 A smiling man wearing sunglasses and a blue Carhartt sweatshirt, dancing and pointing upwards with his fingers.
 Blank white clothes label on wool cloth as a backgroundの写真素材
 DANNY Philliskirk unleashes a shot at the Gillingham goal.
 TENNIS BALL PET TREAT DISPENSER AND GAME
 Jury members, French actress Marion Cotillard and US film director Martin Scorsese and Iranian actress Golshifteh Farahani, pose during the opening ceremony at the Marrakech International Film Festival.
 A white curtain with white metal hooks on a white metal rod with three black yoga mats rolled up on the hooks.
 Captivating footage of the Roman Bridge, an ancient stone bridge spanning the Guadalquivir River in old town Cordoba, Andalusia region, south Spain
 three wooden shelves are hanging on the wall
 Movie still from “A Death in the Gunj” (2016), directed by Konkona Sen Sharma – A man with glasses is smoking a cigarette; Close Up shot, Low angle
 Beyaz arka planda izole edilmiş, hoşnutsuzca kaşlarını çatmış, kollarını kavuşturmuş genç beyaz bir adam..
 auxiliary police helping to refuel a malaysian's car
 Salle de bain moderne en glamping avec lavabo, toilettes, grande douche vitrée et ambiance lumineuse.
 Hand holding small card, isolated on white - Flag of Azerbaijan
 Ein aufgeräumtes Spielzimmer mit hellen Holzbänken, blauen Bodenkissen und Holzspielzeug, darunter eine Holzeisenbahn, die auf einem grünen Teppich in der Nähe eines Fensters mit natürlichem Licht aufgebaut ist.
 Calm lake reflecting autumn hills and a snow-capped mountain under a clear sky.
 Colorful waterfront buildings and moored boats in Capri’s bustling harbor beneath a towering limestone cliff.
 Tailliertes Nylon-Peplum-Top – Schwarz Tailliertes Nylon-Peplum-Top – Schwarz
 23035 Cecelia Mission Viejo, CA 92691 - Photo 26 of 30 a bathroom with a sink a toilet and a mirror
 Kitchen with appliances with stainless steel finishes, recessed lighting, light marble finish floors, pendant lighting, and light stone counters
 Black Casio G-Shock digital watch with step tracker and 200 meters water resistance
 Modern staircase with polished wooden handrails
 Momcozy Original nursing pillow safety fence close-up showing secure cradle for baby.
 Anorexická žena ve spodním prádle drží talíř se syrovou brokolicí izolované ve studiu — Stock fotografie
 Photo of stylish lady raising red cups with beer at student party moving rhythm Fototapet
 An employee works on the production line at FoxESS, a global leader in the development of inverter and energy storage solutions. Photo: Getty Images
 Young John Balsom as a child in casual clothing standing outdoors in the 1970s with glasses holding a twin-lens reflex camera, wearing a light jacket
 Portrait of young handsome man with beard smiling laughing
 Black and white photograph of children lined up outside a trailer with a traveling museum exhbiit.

What you should do:
Reproduce the records above line by line, without any change, up to and including the line that holds "Modern staircase with".

The answer:
 A smiling man wearing sunglasses and a blue Carhartt sweatshirt, dancing and pointing upwards with his fingers.
 Blank white clothes label on wool cloth as a backgroundの写真素材
 DANNY Philliskirk unleashes a shot at the Gillingham goal.
 TENNIS BALL PET TREAT DISPENSER AND GAME
 Jury members, French actress Marion Cotillard and US film director Martin Scorsese and Iranian actress Golshifteh Farahani, pose during the opening ceremony at the Marrakech International Film Festival.
 A white curtain with white metal hooks on a white metal rod with three black yoga mats rolled up on the hooks.
 Captivating footage of the Roman Bridge, an ancient stone bridge spanning the Guadalquivir River in old town Cordoba, Andalusia region, south Spain
 three wooden shelves are hanging on the wall
 Movie still from “A Death in the Gunj” (2016), directed by Konkona Sen Sharma – A man with glasses is smoking a cigarette; Close Up shot, Low angle
 Beyaz arka planda izole edilmiş, hoşnutsuzca kaşlarını çatmış, kollarını kavuşturmuş genç beyaz bir adam..
 auxiliary police helping to refuel a malaysian's car
 Salle de bain moderne en glamping avec lavabo, toilettes, grande douche vitrée et ambiance lumineuse.
 Hand holding small card, isolated on white - Flag of Azerbaijan
 Ein aufgeräumtes Spielzimmer mit hellen Holzbänken, blauen Bodenkissen und Holzspielzeug, darunter eine Holzeisenbahn, die auf einem grünen Teppich in der Nähe eines Fensters mit natürlichem Licht aufgebaut ist.
 Calm lake reflecting autumn hills and a snow-capped mountain under a clear sky.
 Colorful waterfront buildings and moored boats in Capri’s bustling harbor beneath a towering limestone cliff.
 Tailliertes Nylon-Peplum-Top – Schwarz Tailliertes Nylon-Peplum-Top – Schwarz
 23035 Cecelia Mission Viejo, CA 92691 - Photo 26 of 30 a bathroom with a sink a toilet and a mirror
 Kitchen with appliances with stainless steel finishes, recessed lighting, light marble finish floors, pendant lighting, and light stone counters
 Black Casio G-Shock digital watch with step tracker and 200 meters water resistance
 Modern staircase with polished wooden handrails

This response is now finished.